Ever since the Minutes of the August 1 FOMC meeting surprised by its very dovish tone, market’s attention is firmly on Fed chairman Bernanke’s speech at the Jackson Hole symposium. Will the chairman cross the Rubicon and announce a further easing of policy, most likely in the form of another large scale asset purchasing programme?
It was the following very strong worded sentence in the August FOMC Minutes that revived monetary easing hopes: “ Many members judged that additional monetary accommodation would likely be warranted fairly soon unless incoming information pointed to a substantial and sustainable strengthening in the pace of recovery”. The latest payrolls numbers were better and the July retail sales were strong too, but that seems still insufficient to satisfy the above mentioned conditions of “...pointing to substantial and sustainable strengthening”. So the door to additional accommodation remains wide open and we think chances are more than even that policy will be eased in September, likely, but not inevitably via QE-3. The eventual Q3 programme will most likely be open-ended, meaning that neither an amount nor an end date will be fixed, giving the Fed maximum flexibility.
Nevertheless, we don’t expect Bernanke to convey his policy intentions today for various reasons.

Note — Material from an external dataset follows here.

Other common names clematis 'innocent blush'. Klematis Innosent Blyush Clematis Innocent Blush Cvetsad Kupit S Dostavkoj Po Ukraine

First, at the August 1 meeting, the FOMC Committee wanted more information on the economy. It did get one monthly batch of eco data, who were somewhat better, but that isn’t enough to have erased uncertainties about the eco outlook. At the September 13 meeting, there will be some more key economic reports available (Payrolls, ISM...). Second, Bernanke is a team player and out of respect for his colleagues such an important decision, for which there is no strong time constraint, should be taken during the FOMC meeting. Our main scenario is for Bernanke to keep the door open for more easing, but without going further than the FOMC Minutes. If we would be wrong, it is more likely that he suggests the FOMC will ease further than that he closes the door definitely for such an easing.
Regarding the market reaction, at the start of the week, it seemed that many were expecting Bernanke would signal a further accommodation of policy, now the balance of opinion may be more even-handed. Nevertheless, when he would stick to the message from the August FOMC Minutes , there may be some disappointment. It would be intrinsically negative for Treasuries, but as it would lead to some risk-off selling of equities, the losses for Treasuries would be subdued. If he would firmly signal more easing, that would be positive for riskier assets like equities, while it would be neutral to slightly positive for Treasuries. In the unlikely case he would shut the door of more easing, a sharp sell-off in riskier assets will take place, which might contain the losses for Treasuries.